Lire aussi : Prêt-à-porter: une baisse «inédite» de la demande fait plonger le secteur dans la crise
Ce modèle, poursuit-il, consiste à «inonder le marché de vêtements bas de gamme fabriqués en Asie dans des conditions sociétales généralement déplorables, à multiplier les points de vente, à casser les prix à coups de soldes et promotions tout au long des saisons, à vendre une bonne partie des invendus aux spécialistes du déstockage, à détruire une autre partie ou à expédier des montagnes de vêtements vers des pays d’Afrique (…) où ils vont pourrir dans des décharges à ciel ouvert, le long des plages. Un vrai désastre!»
Le Maroc, de 5ème à 8ème fournisseur de l’UE
Ce business model n’a pas impacté que l’Europe, mais également certains de ses fournisseurs, dont le Maroc. En effet, constate l’expert, il «a enfoncé dans la crise nos partenaires méditerranéens dont le textile-habillement était un secteur clé de leurs équilibres socio-économiques».
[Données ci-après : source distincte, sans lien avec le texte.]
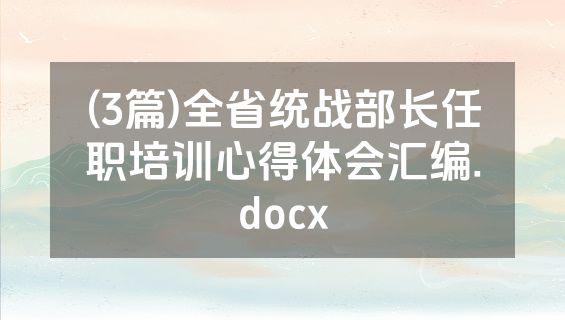 (3篇)全省统战部长任职培训心得体会汇编.docx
La part des pays méditerranéens (Turquie, Maroc, Tunisie, Égypte...) sur le marché de l’UE a reculé à moins de 19% contre 24,8% il y a 20 ans (en 2003). À l’époque, rappelle Jean-François Limantour, la Tunisie était le 4ème fournisseur de l’UE avec des exportations d’une valeur de 2,7 milliards d’euros, contre 2,4 milliards d’euros actuellement. Le Maroc occupait la 5ème position avec des ventes de 2,47 milliards d’euros, soit à peu près la même valeur que 20 ans plus tard. Mais aujourd’hui, le Royaume est le 8ème fournisseur de l’UE: «Tous ces chiffres doivent nous interpeller et interpeller nos partenaires méditerranéens. Il n’y a pas de fatalité du déclin. Réveillons-nous!»
Lire aussi : Recyclage textile au Maroc: un filon encore peu exploité
En attendant, les pays d’Asie demeurent, de très loin, la principale zone de sourcing d’habillement de l’Europe, avec à leur tête la Chine, qui reste le premier fournisseur de l’UE, suivie du Bangladesh. La part des pays européens extra-UE (Royaume-Uni, Suisse, Albanie, Serbie, Macédoine…) plafonne à 6,1%.
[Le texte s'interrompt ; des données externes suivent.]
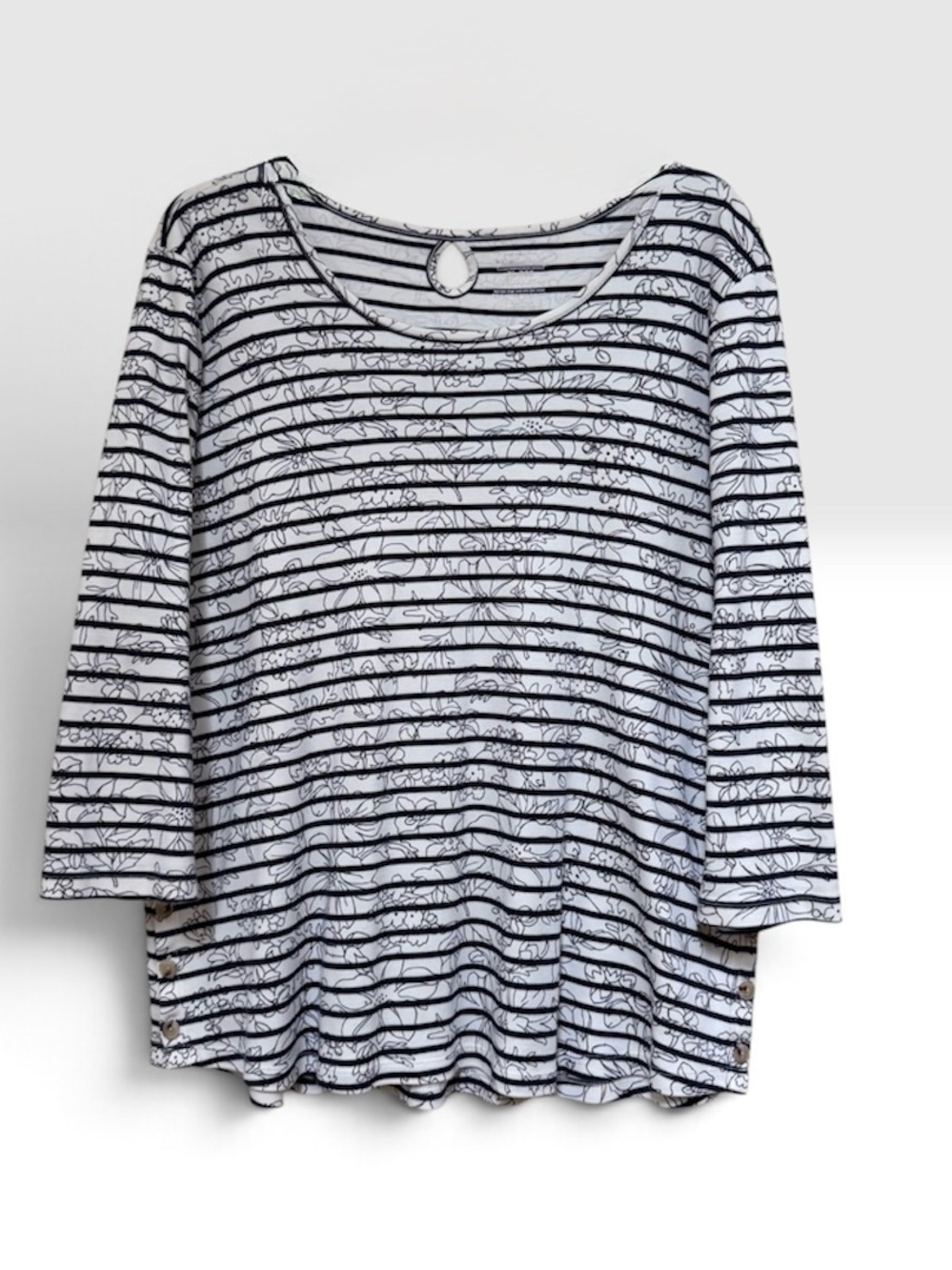 LL Bean Supima Cotton Striped Navy White Scoop Neck Floral Accent Top 3/4 Sleeve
Les prérequis pour un modèle vertueux
L’expert français s’interroge si ce business model va enfin percuter le mur vers lequel il semble se diriger inéluctablement depuis vingt ans. Ce qui laisserait, espère-t-il, la place à un modèle «vertueux de quasi-parfaite adéquation entre l’offre et la demande». Pour opérer cette mutation, des solutions existent: «Formons et recrutons des modélistes inspirés, des logisticiens, des analystes de la data, des infographistes, des spécialistes de la communication, du merchandising, intégrons à marche forcée les technologies 4.0 fondées sur l’IA, considérons l’information comme un facteur clé de compétitivité, redynamisons le partenariat de proximité sur fond de stratégie gagnant-gagnant et de solidarité», exhorte Jean-François Limantour.